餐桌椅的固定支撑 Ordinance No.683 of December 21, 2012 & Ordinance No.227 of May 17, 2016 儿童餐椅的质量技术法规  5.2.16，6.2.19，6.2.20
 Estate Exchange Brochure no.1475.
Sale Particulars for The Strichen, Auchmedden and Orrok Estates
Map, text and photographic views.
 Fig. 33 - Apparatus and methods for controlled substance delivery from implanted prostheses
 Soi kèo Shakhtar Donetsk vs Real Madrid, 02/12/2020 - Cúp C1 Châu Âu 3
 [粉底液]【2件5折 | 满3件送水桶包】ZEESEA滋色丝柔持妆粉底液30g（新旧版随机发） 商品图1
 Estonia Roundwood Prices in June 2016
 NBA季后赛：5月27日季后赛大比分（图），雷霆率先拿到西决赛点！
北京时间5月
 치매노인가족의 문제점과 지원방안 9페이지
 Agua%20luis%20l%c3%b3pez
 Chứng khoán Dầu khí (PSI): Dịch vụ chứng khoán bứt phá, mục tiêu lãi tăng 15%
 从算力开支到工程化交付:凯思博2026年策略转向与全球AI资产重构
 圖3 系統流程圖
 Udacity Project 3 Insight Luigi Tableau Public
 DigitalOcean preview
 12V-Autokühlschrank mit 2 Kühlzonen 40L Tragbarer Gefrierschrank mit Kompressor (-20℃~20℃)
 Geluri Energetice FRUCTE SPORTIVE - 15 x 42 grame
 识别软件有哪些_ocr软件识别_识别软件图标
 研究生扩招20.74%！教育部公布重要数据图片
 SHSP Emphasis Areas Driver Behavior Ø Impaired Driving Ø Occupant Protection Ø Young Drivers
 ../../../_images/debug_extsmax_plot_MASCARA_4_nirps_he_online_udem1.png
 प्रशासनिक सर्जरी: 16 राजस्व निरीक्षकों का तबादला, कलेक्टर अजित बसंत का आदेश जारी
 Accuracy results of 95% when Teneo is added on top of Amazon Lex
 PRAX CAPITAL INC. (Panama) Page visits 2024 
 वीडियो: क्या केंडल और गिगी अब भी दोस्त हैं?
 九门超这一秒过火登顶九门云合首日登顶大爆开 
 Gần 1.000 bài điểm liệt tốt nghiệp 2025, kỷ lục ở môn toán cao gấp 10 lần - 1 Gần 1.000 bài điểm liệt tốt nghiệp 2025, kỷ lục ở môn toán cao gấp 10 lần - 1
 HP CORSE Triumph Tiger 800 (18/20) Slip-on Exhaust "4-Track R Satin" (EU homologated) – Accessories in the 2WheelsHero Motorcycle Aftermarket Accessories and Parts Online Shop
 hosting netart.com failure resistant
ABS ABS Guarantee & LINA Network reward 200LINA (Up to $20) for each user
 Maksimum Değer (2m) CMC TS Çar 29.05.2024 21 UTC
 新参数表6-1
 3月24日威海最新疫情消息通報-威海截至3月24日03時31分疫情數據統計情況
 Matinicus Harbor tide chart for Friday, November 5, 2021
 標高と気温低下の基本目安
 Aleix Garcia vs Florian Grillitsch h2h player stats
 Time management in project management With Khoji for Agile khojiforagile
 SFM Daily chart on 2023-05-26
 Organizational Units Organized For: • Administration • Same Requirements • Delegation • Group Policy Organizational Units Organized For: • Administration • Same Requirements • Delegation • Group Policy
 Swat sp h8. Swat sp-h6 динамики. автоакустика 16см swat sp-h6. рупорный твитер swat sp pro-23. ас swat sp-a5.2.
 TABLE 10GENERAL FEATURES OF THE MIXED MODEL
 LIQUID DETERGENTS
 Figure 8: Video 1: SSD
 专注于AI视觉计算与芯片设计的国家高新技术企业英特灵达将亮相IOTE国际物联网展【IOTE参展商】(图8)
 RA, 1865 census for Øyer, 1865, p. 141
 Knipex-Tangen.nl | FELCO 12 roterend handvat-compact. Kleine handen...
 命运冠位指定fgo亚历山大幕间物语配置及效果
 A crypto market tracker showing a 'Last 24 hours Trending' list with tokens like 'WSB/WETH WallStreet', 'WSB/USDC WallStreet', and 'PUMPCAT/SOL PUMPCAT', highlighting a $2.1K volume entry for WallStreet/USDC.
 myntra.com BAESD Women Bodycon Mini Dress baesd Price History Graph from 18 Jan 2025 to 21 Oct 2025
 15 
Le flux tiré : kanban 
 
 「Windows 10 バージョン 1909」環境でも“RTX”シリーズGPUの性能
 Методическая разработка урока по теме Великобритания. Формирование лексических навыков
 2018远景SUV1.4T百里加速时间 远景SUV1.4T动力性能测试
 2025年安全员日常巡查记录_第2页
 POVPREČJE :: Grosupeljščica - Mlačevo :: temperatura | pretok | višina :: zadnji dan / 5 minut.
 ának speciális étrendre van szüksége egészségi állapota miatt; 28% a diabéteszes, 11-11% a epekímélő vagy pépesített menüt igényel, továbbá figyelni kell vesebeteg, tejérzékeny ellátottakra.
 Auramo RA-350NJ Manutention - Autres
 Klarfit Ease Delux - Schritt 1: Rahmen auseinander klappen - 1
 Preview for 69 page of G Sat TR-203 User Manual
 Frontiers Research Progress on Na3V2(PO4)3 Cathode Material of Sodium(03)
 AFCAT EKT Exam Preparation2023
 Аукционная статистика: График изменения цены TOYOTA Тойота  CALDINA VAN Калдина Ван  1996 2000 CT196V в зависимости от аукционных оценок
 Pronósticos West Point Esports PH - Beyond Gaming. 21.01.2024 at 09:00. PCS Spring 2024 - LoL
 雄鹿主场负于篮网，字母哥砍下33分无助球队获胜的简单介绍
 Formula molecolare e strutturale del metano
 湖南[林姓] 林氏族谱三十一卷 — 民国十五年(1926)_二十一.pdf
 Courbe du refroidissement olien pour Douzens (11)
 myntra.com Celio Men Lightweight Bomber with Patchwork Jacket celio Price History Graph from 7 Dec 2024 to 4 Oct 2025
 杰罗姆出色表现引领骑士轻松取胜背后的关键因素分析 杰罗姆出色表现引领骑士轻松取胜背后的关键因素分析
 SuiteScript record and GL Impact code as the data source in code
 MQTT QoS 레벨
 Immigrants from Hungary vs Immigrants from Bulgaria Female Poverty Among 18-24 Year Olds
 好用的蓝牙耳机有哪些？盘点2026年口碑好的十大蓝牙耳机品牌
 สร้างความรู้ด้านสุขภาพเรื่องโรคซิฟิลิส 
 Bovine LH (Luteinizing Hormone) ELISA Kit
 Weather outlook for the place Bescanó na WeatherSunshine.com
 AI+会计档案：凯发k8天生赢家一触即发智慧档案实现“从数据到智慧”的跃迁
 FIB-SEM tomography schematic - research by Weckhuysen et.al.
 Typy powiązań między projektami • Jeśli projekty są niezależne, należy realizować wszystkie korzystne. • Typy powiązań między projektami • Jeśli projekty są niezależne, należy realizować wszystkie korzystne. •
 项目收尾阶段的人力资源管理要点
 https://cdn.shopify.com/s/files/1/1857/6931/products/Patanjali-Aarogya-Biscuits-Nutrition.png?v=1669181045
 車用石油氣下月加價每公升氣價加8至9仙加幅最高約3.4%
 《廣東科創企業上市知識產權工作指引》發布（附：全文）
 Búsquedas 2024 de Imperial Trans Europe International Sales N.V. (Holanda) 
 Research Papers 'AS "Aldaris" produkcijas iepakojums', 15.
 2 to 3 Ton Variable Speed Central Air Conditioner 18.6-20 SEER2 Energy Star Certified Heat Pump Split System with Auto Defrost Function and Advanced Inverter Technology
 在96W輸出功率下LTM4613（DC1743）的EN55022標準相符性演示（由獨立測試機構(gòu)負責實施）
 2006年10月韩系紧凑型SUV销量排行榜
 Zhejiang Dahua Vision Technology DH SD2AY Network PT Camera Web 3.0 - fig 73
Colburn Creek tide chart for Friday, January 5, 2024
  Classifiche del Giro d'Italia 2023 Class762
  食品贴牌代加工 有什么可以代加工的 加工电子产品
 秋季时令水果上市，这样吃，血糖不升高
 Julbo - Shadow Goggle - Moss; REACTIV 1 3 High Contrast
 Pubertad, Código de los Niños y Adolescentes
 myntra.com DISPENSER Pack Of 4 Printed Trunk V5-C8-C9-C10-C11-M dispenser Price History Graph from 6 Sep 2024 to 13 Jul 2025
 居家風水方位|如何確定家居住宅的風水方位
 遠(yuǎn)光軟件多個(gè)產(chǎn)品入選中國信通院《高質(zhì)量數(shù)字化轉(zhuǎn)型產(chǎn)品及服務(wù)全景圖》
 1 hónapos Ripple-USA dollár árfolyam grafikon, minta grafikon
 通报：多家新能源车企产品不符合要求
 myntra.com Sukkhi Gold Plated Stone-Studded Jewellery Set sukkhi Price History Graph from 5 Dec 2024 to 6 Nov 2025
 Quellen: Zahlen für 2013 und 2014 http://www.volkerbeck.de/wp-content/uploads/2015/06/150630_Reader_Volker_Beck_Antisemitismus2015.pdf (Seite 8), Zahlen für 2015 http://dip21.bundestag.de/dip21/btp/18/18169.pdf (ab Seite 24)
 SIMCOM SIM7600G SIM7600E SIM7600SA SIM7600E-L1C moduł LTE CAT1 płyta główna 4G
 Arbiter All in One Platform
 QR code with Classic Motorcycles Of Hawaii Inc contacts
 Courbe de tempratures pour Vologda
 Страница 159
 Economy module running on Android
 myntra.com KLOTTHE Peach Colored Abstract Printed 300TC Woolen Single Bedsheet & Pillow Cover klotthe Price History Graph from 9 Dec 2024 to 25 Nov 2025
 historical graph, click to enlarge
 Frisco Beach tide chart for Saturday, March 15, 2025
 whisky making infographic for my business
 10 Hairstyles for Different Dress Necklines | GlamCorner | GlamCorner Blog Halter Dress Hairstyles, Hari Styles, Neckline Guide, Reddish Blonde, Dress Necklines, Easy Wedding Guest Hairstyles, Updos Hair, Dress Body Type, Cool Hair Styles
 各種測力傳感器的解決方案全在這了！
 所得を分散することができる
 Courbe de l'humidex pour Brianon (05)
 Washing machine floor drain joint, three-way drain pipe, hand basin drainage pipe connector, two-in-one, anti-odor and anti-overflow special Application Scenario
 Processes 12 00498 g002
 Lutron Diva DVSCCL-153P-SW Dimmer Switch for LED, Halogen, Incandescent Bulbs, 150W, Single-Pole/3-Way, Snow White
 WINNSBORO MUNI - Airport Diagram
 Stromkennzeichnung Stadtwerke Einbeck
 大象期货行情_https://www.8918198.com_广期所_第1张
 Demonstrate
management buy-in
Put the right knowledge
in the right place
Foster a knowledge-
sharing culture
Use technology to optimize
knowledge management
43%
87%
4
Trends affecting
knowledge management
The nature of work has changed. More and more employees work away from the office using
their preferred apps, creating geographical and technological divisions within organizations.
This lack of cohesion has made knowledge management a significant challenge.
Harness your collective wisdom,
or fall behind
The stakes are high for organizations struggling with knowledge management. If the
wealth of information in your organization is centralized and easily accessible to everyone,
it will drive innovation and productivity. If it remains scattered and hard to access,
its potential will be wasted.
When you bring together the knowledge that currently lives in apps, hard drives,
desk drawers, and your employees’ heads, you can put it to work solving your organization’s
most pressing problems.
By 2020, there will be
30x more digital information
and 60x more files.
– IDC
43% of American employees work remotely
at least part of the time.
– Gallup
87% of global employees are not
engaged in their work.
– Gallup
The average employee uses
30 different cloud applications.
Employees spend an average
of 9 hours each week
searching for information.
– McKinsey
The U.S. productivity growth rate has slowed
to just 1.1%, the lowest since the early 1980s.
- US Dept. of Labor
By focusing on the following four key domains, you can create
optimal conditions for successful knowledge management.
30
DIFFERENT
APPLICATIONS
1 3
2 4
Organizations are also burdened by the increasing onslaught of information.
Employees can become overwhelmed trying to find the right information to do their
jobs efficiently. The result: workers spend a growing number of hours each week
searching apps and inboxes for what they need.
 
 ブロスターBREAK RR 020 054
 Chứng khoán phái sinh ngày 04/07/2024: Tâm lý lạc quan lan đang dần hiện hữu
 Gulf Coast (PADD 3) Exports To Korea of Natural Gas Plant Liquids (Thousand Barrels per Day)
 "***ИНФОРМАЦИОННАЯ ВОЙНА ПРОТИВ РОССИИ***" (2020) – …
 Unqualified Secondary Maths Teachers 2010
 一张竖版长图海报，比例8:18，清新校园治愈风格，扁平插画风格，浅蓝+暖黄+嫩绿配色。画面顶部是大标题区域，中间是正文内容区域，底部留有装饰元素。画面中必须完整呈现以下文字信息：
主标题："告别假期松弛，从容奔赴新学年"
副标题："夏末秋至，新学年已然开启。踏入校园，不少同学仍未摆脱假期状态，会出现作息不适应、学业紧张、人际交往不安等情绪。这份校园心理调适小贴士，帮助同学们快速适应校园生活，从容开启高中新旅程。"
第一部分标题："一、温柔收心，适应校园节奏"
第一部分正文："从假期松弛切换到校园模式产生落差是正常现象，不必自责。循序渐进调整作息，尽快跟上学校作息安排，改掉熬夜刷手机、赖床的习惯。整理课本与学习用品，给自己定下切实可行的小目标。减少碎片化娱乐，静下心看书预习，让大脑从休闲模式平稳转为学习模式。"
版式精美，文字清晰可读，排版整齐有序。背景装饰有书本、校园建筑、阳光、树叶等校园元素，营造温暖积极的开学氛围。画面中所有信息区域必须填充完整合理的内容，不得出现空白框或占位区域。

+++

## [Task directions]
Above are the records; from them, give again exactly the lines from the one containing "DigitalOcean preview" through the one containing "RA, 1865 census for Øyer, 1865, p. 141", both included.

## [Exercise answer]
 DigitalOcean preview
 12V-Autokühlschrank mit 2 Kühlzonen 40L Tragbarer Gefrierschrank mit Kompressor (-20℃~20℃)
 Geluri Energetice FRUCTE SPORTIVE - 15 x 42 grame
 识别软件有哪些_ocr软件识别_识别软件图标
 研究生扩招20.74%！教育部公布重要数据图片
 SHSP Emphasis Areas Driver Behavior Ø Impaired Driving Ø Occupant Protection Ø Young Drivers
 ../../../_images/debug_extsmax_plot_MASCARA_4_nirps_he_online_udem1.png
 प्रशासनिक सर्जरी: 16 राजस्व निरीक्षकों का तबादला, कलेक्टर अजित बसंत का आदेश जारी
 Accuracy results of 95% when Teneo is added on top of Amazon Lex
 PRAX CAPITAL INC. (Panama) Page visits 2024 
 वीडियो: क्या केंडल और गिगी अब भी दोस्त हैं?
 九门超这一秒过火登顶九门云合首日登顶大爆开 
 Gần 1.000 bài điểm liệt tốt nghiệp 2025, kỷ lục ở môn toán cao gấp 10 lần - 1 Gần 1.000 bài điểm liệt tốt nghiệp 2025, kỷ lục ở môn toán cao gấp 10 lần - 1
 HP CORSE Triumph Tiger 800 (18/20) Slip-on Exhaust "4-Track R Satin" (EU homologated) – Accessories in the 2WheelsHero Motorcycle Aftermarket Accessories and Parts Online Shop
 hosting netart.com failure resistant
ABS ABS Guarantee & LINA Network reward 200LINA (Up to $20) for each user
 Maksimum Değer (2m) CMC TS Çar 29.05.2024 21 UTC
 新参数表6-1
 3月24日威海最新疫情消息通報-威海截至3月24日03時31分疫情數據統計情況
 Matinicus Harbor tide chart for Friday, November 5, 2021
 標高と気温低下の基本目安
 Aleix Garcia vs Florian Grillitsch h2h player stats
 Time management in project management With Khoji for Agile khojiforagile
 SFM Daily chart on 2023-05-26
 Organizational Units Organized For: • Administration • Same Requirements • Delegation • Group Policy Organizational Units Organized For: • Administration • Same Requirements • Delegation • Group Policy
 Swat sp h8. Swat sp-h6 динамики. автоакустика 16см swat sp-h6. рупорный твитер swat sp pro-23. ас swat sp-a5.2.
 TABLE 10GENERAL FEATURES OF THE MIXED MODEL
 LIQUID DETERGENTS
 Figure 8: Video 1: SSD
 专注于AI视觉计算与芯片设计的国家高新技术企业英特灵达将亮相IOTE国际物联网展【IOTE参展商】(图8)
 RA, 1865 census for Øyer, 1865, p. 141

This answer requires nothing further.